What is the function of an egg as ingredient?

1. Binding: Eggs act as a binder in many culinary preparations. The proteins in eggs, primarily ovalbumin and conalbumin, coagulate when heated, creating a structure that holds ingredients together. This binding property is essential in recipes like meatballs, meatloaf, burgers, and meatballs, where it prevents the mixture from falling apart during cooking.

2. Emulsifying: Eggs are excellent emulsifiers, which means they help to combine and stabilize mixtures of immiscible liquids, such as oil and water. The lecithin in egg yolks acts as an emulsifier, enabling the formation of emulsions like mayonnaise, salad dressings, and hollandaise sauce.

3. Leavening: Beaten egg whites, when incorporated into a mixture, trap air and expand during baking, creating a light and airy texture. This leavening property is crucial in preparing cakes, soufflés, meringues, and some types of breads.

4. Thickening: Eggs can be used as a thickening agent in various dishes. When heated gently, the proteins in eggs coagulate and form a gel-like structure, thickening liquids such as sauces, custards, and puddings.

5. Flavor and Color: Eggs add richness, flavor, and color to many culinary preparations. The yolks, in particular, contribute a distinctive yellow color and a slightly fatty, savory taste.

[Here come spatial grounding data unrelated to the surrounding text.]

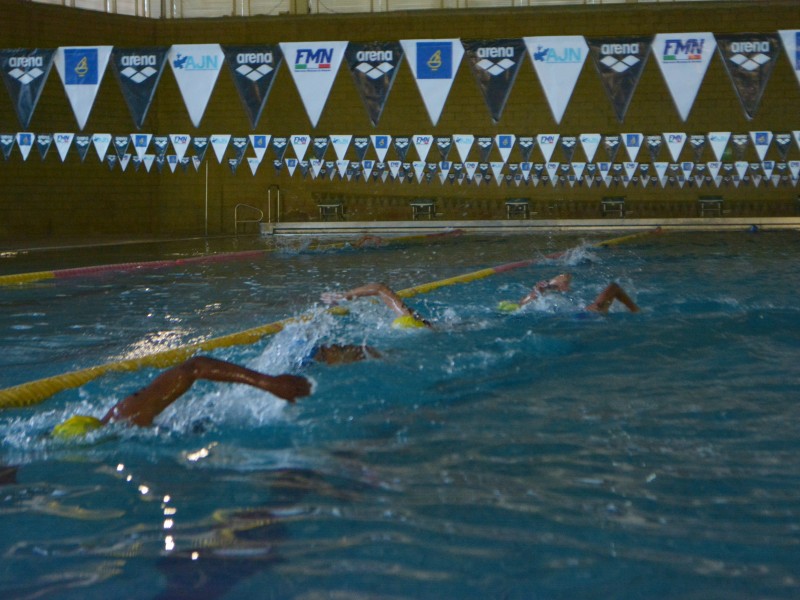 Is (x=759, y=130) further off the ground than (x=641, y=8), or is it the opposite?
(x=641, y=8)

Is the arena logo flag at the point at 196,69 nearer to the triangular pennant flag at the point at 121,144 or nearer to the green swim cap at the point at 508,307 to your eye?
the triangular pennant flag at the point at 121,144

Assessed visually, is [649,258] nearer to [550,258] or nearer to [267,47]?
[550,258]

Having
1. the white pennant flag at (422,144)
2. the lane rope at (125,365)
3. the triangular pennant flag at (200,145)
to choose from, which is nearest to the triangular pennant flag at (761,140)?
the white pennant flag at (422,144)

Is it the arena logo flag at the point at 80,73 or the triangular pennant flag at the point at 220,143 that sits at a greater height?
the arena logo flag at the point at 80,73

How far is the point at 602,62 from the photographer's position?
41.1 ft

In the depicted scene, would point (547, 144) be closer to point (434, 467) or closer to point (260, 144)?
point (260, 144)

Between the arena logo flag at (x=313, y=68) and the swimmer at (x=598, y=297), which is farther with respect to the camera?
the arena logo flag at (x=313, y=68)

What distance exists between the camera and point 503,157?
21.7m

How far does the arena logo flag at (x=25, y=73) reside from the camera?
1377 cm

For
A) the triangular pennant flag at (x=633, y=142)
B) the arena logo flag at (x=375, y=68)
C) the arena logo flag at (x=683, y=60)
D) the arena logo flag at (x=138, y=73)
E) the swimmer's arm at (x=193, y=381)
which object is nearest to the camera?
the swimmer's arm at (x=193, y=381)

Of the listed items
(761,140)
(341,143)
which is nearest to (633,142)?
(761,140)

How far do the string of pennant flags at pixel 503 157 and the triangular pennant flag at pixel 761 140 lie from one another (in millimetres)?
23

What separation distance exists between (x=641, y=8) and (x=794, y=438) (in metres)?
18.9

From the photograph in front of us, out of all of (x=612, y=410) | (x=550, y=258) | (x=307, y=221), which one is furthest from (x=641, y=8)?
(x=612, y=410) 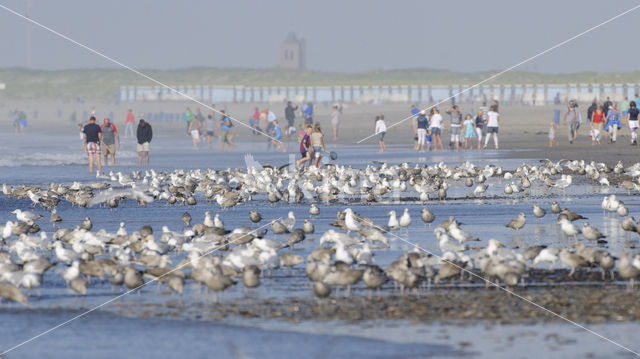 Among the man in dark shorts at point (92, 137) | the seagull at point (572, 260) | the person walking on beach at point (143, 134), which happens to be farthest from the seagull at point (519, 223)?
the person walking on beach at point (143, 134)

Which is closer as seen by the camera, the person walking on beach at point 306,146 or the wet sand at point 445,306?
the wet sand at point 445,306

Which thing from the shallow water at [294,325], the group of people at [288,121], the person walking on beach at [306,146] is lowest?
the shallow water at [294,325]

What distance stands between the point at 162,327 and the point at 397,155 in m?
33.6

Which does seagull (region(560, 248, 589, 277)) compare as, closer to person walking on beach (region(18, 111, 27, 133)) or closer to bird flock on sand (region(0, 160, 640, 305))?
bird flock on sand (region(0, 160, 640, 305))

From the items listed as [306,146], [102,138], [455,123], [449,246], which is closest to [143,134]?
[102,138]

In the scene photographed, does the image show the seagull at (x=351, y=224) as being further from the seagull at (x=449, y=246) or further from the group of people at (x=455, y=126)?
the group of people at (x=455, y=126)

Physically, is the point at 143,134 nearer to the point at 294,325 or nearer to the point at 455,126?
the point at 455,126

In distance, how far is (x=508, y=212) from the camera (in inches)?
840

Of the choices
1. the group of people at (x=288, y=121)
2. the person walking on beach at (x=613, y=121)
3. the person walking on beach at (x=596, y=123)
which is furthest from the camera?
the group of people at (x=288, y=121)

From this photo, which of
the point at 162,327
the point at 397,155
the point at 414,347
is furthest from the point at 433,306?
the point at 397,155

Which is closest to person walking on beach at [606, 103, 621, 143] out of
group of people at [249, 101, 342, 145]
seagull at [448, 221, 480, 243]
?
group of people at [249, 101, 342, 145]

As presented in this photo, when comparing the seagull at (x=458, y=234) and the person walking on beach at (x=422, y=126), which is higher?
the person walking on beach at (x=422, y=126)

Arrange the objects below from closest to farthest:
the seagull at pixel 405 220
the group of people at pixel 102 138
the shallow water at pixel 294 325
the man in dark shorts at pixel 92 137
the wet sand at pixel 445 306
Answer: the shallow water at pixel 294 325 < the wet sand at pixel 445 306 < the seagull at pixel 405 220 < the man in dark shorts at pixel 92 137 < the group of people at pixel 102 138

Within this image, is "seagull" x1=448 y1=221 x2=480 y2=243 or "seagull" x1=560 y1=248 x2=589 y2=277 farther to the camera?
"seagull" x1=448 y1=221 x2=480 y2=243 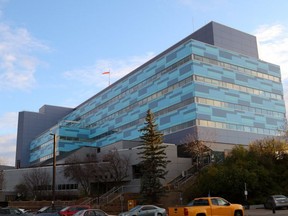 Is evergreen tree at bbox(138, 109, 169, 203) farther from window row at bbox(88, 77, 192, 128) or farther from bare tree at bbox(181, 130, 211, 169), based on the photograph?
window row at bbox(88, 77, 192, 128)

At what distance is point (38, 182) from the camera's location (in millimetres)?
74000

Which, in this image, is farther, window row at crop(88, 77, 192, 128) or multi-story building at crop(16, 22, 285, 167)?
window row at crop(88, 77, 192, 128)

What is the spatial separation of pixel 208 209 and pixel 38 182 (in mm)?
57384

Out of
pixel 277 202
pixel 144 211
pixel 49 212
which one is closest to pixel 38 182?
pixel 49 212

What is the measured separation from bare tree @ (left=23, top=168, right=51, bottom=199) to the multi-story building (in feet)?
66.0

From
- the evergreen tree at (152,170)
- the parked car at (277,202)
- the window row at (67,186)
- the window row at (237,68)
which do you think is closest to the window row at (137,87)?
the window row at (237,68)

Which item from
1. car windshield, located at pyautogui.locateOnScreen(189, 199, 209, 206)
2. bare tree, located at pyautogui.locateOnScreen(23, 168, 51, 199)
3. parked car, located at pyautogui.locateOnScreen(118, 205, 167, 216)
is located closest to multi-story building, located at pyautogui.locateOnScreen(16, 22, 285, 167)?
bare tree, located at pyautogui.locateOnScreen(23, 168, 51, 199)

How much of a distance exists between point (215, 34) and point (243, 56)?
26.6 feet

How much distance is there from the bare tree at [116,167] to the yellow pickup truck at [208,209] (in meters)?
37.4

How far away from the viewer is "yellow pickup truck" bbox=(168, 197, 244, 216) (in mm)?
22292

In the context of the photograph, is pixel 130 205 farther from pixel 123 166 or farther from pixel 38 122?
pixel 38 122

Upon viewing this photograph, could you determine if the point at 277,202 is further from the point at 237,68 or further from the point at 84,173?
the point at 237,68

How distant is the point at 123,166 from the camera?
61562 millimetres

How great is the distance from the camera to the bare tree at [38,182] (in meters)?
72.2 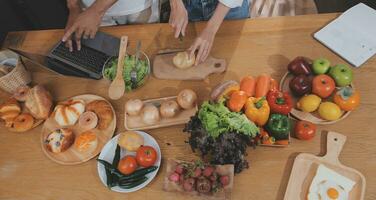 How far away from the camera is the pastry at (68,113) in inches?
56.2

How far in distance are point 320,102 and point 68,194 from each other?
1043mm

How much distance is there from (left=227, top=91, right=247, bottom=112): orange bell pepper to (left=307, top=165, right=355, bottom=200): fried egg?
358mm

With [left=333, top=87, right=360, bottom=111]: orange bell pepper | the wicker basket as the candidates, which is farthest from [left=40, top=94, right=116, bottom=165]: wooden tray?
[left=333, top=87, right=360, bottom=111]: orange bell pepper

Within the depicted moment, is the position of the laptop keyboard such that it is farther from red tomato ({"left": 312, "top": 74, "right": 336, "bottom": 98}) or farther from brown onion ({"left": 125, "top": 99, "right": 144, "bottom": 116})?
red tomato ({"left": 312, "top": 74, "right": 336, "bottom": 98})

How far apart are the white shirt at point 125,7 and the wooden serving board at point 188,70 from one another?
38 centimetres

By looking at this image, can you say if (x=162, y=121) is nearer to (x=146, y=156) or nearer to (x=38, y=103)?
(x=146, y=156)

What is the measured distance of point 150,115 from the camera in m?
1.36

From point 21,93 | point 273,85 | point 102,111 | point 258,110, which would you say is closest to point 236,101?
point 258,110

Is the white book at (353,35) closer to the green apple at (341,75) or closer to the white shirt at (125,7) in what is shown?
the green apple at (341,75)

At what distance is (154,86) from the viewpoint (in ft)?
4.99

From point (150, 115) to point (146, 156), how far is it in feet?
0.60

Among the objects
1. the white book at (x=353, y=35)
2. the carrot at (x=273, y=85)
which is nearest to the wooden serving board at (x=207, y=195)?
the carrot at (x=273, y=85)

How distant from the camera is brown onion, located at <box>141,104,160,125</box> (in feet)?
4.48

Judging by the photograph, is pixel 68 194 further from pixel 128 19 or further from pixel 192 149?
pixel 128 19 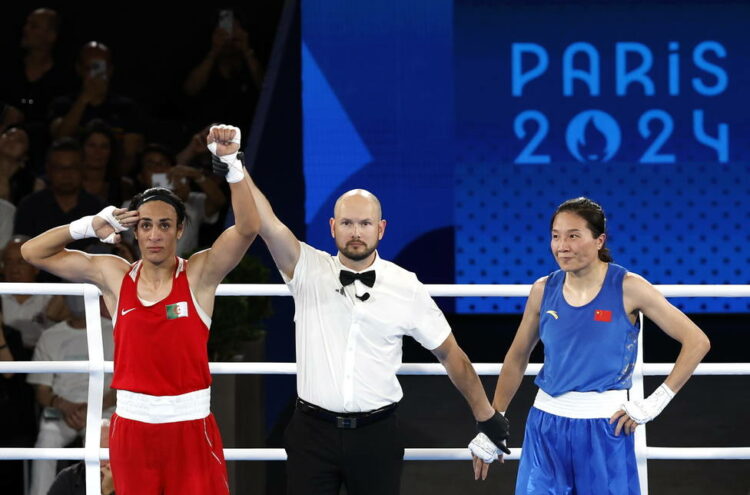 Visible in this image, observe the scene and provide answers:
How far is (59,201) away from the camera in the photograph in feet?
23.1

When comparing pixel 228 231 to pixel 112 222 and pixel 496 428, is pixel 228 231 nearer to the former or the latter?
pixel 112 222

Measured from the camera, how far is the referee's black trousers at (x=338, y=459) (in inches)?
149

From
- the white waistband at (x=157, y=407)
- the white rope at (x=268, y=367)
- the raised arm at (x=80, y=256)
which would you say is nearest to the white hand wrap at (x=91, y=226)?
the raised arm at (x=80, y=256)

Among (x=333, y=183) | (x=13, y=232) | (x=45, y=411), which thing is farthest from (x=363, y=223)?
(x=333, y=183)

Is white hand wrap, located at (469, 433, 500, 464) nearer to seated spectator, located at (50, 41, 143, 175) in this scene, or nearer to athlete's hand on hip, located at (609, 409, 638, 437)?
athlete's hand on hip, located at (609, 409, 638, 437)

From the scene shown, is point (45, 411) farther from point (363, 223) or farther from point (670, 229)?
point (670, 229)

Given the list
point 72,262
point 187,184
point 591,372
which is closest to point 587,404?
point 591,372

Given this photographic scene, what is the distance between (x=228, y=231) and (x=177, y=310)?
0.30 m

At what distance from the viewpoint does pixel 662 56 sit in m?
9.28

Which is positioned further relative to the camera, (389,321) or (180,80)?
(180,80)

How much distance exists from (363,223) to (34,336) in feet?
10.2

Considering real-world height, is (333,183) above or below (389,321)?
above

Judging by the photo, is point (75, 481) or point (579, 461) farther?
point (75, 481)

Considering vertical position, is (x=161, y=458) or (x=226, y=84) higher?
(x=226, y=84) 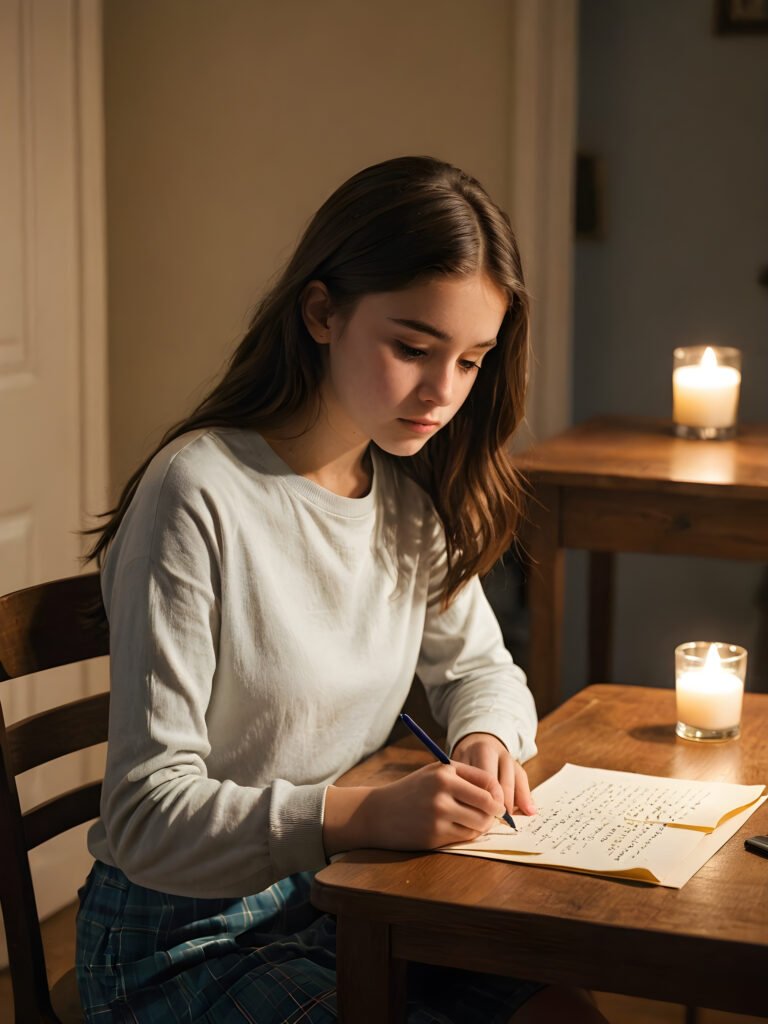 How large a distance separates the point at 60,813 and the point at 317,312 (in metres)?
0.63

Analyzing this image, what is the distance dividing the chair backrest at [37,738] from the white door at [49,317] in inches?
35.3

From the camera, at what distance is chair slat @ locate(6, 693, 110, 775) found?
1.42 m

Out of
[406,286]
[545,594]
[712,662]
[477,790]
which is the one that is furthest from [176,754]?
[545,594]

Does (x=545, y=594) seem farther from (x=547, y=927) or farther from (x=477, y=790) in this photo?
(x=547, y=927)

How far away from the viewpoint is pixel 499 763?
1.25 metres

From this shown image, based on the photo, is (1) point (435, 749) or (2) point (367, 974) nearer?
(2) point (367, 974)

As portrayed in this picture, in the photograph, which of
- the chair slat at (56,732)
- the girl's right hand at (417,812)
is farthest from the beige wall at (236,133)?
the girl's right hand at (417,812)

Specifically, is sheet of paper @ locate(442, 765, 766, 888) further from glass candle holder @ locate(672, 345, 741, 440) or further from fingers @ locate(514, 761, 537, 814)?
glass candle holder @ locate(672, 345, 741, 440)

6. Glazing: Beaten eggs can be brushed onto the surface of baked goods before baking to create a glossy, golden-brown finish. This glazing effect is often used in pastries, breads, and other baked items.

7. Coating and Breading: Eggs can be used as a coating for various foods before frying or baking. The egg wash helps the coating adhere to the food, resulting in a crispy outer layer.

Overall, eggs play a versatile role in cooking and baking, serving as a binder, emulsifier, leavening agent, thickener, flavor enhancer, glaze, and coating. Their unique properties make them indispensable ingredients in countless recipes.